Saved data entries:

--*--

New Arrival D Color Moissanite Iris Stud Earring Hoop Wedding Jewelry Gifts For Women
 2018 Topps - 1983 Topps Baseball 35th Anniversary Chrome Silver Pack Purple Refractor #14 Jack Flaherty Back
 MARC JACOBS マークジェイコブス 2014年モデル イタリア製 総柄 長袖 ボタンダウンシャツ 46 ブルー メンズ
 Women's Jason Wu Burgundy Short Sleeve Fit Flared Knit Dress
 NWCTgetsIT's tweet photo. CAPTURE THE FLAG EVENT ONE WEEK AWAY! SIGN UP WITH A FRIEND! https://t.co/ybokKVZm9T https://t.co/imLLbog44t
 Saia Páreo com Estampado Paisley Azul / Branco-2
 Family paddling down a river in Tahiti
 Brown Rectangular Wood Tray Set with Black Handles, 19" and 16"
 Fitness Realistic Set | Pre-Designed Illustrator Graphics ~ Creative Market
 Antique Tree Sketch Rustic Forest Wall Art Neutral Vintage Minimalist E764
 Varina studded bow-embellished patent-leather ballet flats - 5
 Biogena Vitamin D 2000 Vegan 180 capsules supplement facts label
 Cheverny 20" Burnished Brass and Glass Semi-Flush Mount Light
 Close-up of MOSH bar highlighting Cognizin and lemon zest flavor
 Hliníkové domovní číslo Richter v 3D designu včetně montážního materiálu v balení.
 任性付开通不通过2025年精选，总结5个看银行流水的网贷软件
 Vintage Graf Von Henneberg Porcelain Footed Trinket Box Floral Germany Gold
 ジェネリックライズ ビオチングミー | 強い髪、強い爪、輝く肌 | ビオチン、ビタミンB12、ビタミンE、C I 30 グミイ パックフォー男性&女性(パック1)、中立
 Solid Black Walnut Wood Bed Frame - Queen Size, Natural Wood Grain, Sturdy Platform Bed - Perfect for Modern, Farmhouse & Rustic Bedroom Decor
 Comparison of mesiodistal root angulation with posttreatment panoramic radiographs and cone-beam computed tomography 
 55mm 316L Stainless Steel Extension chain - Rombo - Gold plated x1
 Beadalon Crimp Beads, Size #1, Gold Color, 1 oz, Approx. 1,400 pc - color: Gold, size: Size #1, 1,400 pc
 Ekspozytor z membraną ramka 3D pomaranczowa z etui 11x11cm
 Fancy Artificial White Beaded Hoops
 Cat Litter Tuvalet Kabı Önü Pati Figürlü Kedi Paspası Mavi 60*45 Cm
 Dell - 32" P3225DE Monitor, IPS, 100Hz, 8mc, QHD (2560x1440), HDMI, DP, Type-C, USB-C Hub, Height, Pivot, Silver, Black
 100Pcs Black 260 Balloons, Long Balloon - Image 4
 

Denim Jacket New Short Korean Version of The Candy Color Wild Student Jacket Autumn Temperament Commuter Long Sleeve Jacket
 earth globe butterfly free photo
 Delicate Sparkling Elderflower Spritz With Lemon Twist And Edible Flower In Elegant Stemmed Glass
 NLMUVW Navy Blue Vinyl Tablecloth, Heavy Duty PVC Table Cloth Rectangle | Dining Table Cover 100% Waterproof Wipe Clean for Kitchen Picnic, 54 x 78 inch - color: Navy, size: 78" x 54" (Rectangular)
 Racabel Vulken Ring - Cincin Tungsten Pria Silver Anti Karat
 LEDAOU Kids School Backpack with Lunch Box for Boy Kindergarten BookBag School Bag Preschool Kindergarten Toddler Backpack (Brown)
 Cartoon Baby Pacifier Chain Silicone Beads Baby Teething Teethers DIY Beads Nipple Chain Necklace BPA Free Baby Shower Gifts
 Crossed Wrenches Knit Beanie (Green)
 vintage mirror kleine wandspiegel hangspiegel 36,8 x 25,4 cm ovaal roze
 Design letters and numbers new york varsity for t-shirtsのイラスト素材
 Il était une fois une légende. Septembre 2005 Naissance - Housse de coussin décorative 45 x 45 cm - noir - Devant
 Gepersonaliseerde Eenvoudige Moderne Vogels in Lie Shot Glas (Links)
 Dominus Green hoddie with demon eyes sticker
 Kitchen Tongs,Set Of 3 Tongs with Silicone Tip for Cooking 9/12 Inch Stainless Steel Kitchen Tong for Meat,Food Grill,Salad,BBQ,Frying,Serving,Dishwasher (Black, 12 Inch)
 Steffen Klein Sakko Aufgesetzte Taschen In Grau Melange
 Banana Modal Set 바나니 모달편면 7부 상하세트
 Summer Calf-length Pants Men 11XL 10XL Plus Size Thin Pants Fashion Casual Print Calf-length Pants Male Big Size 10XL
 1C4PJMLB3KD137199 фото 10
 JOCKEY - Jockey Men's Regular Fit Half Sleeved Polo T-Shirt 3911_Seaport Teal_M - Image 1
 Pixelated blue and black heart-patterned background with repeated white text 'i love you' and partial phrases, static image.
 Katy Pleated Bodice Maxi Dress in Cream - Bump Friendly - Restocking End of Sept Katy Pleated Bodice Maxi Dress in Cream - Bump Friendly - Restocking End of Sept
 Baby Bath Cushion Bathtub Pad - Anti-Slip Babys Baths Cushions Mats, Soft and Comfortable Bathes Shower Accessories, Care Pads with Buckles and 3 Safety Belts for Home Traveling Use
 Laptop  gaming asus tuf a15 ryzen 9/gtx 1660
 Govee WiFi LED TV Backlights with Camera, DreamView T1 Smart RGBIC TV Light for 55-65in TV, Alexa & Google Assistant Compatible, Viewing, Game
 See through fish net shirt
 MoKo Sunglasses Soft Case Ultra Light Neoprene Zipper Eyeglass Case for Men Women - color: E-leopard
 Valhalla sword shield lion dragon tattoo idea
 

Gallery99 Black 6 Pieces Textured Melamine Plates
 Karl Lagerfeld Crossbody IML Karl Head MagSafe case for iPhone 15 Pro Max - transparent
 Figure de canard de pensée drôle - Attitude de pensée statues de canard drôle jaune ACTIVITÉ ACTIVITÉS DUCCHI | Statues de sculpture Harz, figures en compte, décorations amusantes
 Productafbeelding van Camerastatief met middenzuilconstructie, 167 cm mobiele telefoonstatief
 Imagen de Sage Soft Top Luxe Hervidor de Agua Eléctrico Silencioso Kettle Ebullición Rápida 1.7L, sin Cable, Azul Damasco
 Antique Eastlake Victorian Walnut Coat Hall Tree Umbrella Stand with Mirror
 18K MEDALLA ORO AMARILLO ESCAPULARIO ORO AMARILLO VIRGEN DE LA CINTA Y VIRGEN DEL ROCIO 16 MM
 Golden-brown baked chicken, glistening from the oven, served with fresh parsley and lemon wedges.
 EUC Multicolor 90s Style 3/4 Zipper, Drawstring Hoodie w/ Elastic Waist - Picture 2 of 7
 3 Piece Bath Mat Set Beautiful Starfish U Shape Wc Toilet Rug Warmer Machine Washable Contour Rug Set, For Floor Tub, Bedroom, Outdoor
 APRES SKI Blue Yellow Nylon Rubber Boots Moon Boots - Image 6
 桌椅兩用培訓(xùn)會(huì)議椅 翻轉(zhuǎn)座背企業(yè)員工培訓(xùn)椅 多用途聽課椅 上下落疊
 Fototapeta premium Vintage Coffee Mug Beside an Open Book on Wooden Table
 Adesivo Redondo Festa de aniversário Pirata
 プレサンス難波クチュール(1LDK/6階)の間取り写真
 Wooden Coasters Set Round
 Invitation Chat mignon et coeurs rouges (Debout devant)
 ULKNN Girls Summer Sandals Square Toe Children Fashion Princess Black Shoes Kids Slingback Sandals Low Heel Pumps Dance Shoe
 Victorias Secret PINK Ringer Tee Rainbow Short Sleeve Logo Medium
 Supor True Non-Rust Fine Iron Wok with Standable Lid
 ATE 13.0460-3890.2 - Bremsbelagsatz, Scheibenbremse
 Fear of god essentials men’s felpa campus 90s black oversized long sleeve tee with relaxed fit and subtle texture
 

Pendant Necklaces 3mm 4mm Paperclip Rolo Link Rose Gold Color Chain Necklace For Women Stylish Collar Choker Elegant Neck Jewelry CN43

--*--

Out of the data above, give again only the lines starting at the one holding "Adesivo Redondo Festa de aniversário Pirata" and ending at the one holding "Supor True Non-Rust", unchanged.

▸ RESPONSE AREA
 Adesivo Redondo Festa de aniversário Pirata
 プレサンス難波クチュール(1LDK/6階)の間取り写真
 Wooden Coasters Set Round
 Invitation Chat mignon et coeurs rouges (Debout devant)
 ULKNN Girls Summer Sandals Square Toe Children Fashion Princess Black Shoes Kids Slingback Sandals Low Heel Pumps Dance Shoe
 Victorias Secret PINK Ringer Tee Rainbow Short Sleeve Logo Medium
 Supor True Non-Rust Fine Iron Wok with Standable Lid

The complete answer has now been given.